RIGHT HONORABLE GEORGE CANNING,
&c. &c. &c.

BY THOMAS GISBORNE, JUN.

LONDON:-1827.

"Touch Ralph de Vipont's shield-touch the Hospitaller's shield; he has the least sure seat, he is your cheapest bargain.

"The knight moving onward amid these well-meant hints, ascended the platform by the sloping alley which led to it from the lists, and to the astonishment of all present, riding straight up to the central pavilion, struck with the sharp end of his spear, the shield of Brian de Bois Guilbert, until it rung again. All stood astonished at his presumption, but none more than the redoubted knight whom he had thus defied to mortal combat."-IVANHOE. Vol. i. p. 165.

SIR,

Cintra, June 18th, 1827.

I AM afraid that an allusion to Ivanhoe may be much more descriptive of the temerity than of the success of my attempt: but it is precisely because you are the boldest champion, because you are the Bois Guilbert of the Anticatholic cause, that I have undertaken to address you. Nor does this, I believe, arise from any overweening idea of my own powers. At the present period of the Catholic controversy all minor obstacles are cleared away; the skirmishers on each side are called in; the forces are concentrated; and it is useless for a combatant to appear in the field, who is not, trusting in the goodness of his cause and the strength of his weapons, prepared to assail the centre of the enemies' position, or to defend the centre of his own. You have placed yourself in the front of the battle, and I cannot enter the field without encountering you. It may be that I had judged better to leave the field to abler combatants, but, being there, to attack you involves no increase of presumption. I have at least this consolation—if I am discomfited, the overthrow of an unknown champion will not injure my cause. If I might succeed in forcing you back from your imposing position, I shall have performed good service.
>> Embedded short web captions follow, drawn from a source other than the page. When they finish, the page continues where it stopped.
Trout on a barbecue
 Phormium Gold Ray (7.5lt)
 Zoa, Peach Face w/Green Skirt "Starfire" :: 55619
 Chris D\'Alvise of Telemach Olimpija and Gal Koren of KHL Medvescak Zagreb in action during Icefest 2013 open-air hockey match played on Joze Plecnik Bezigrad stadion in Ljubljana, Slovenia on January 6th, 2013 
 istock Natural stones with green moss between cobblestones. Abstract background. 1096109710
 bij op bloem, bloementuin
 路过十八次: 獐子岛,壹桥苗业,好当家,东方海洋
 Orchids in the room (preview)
I had just completed the reading of your two letters to Mr. Canning, when I took up M. de Pradt's "Jesuitisme Ancien et

Moderne." When in the very first page I encountered the words which I am about to quote, I certainly did seem to be reading a very pithy description of the pamphlets I had just laid down.

"Cet écrit fut remarqué dans le temps; il ne manque pas de chaleur on sent que c'est l'ouvrage d'un prédicateur et d'un homme de parti; il ne renferme pas une vue générale.”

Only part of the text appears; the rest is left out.